A Different Standard
For 21 years and counting, Lone Star Gridiron has operated by a different standard. We've built our reputation not on being first with the latest scandal, but on comprehensive, respectful coverage that celebrates the sport and the young athletes who play it. For that reason, coaches, parents, fans, officials and athletes trust LSG to do what is best for the sport.
This isn't naiveté. It's not turning a blind eye to problems or pretending negative incidents don't happen. It's a conscious editorial decision about what deserves amplification and what doesn't.
When a player makes an incredible play, that deserves coverage. When a team overcomes adversity to win a championship, that's a story. When a coach builds a program that changes lives, that matters. When officials work tirelessly to ensure fair competition, that's worth acknowledging.
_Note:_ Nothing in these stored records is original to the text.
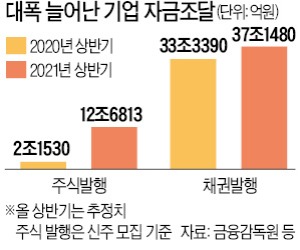 기업들 자금조달 서두른다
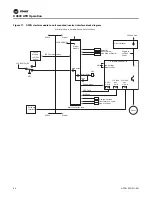 Предварительный просмотр 30 страницы Trane AFDG Installation, Operation And Maintenance Manual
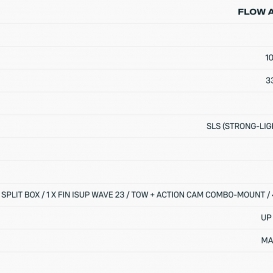DUOTONE iSUP Package Flow Air SLS
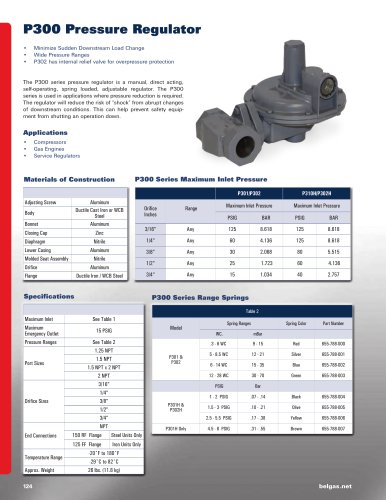 P300 Pressure Regulator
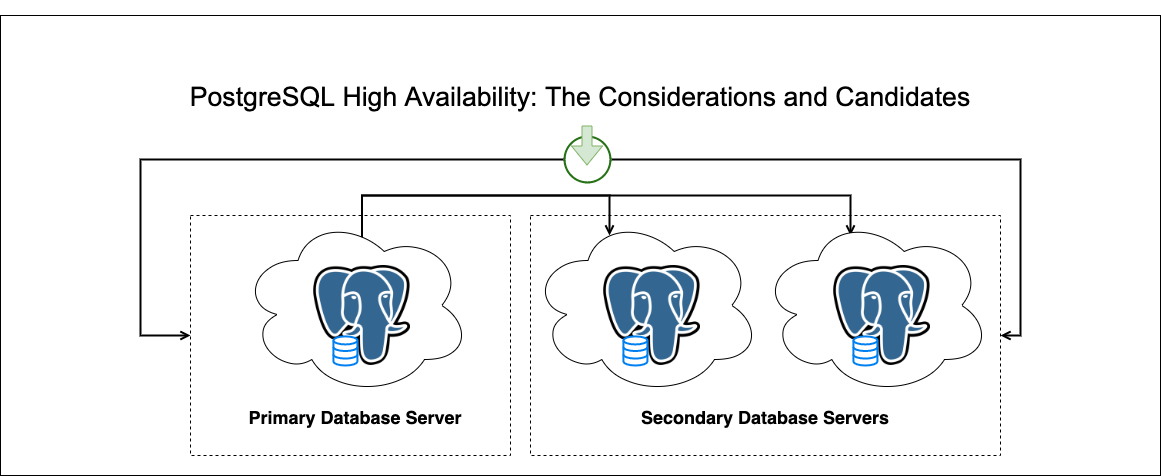 PostgreSQL High Availability
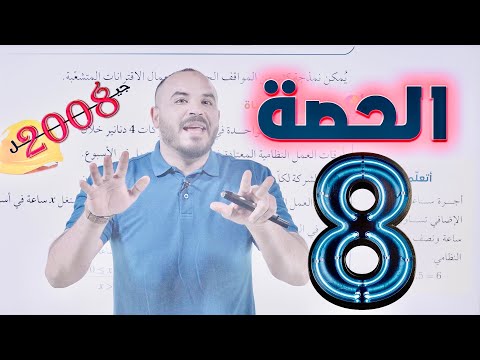 توجيهي 2008 -  (الاقترانات المتشعبة 8) أ. محمد الجنايني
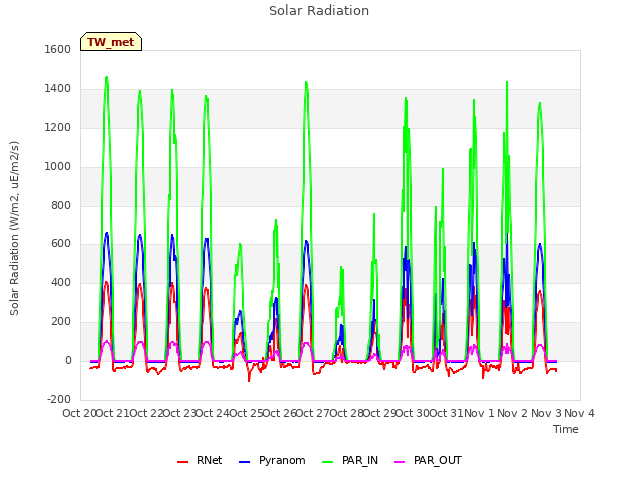 plot of Solar Radiation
Those are the stories we need to tell.
Journalism or Exploitation?
There's a critical distinction between journalism and exploitation. Real journalism serves the public interest. It holds powerful institutions accountable. It exposes systemic problems that need addressing. Breathlessly reporting every high school scandal doesn't meet that standard. It's not investigative journalism uncovering corruption. It's not exposing abuses of power. It's simply trading on the misfortune of teenagers, parents, and coaches for website traffic.
Strengthening the Opposition
Perhaps most importantly, Lone Star Gridiron recognizes that every negative story amplified becomes a weapon in the hands of those who oppose football. Whether it's medical professionals worried about concussions, administrators concerned about liability, or reformers pushing to eliminate the sport from schools, they're watching.
And when high school football media provides a steady stream of scandal coverage, it makes their arguments easier. It makes the sport look more dangerous, more problematic, more trouble than it's worth.
Texas high school football has enough real challenges without its own media ecosystem undermining it from within. Shame on you.
The Road Ahead
As Lone Star Gridiron looks ahead, our commitment remains unchanged. We won't be joining the race to the bottom. We won't be chasing clicks through controversy. We won't be piling on when someone in the football community faces their darkest hour.
Instead, we will continue doing what we've done for over 21 years: covering the sport with the respect it deserves, celebrating the athletes who play it, and honoring the communities that rally around it every Friday night.
It's a stand that's increasingly rare in modern sports media. But it's exactly the kind of integrity that Texas high school football needs from those who cover it.
After all, this sport has given so much to so many - including sites like ours. The least we can do is refuse to tear it down for clicks.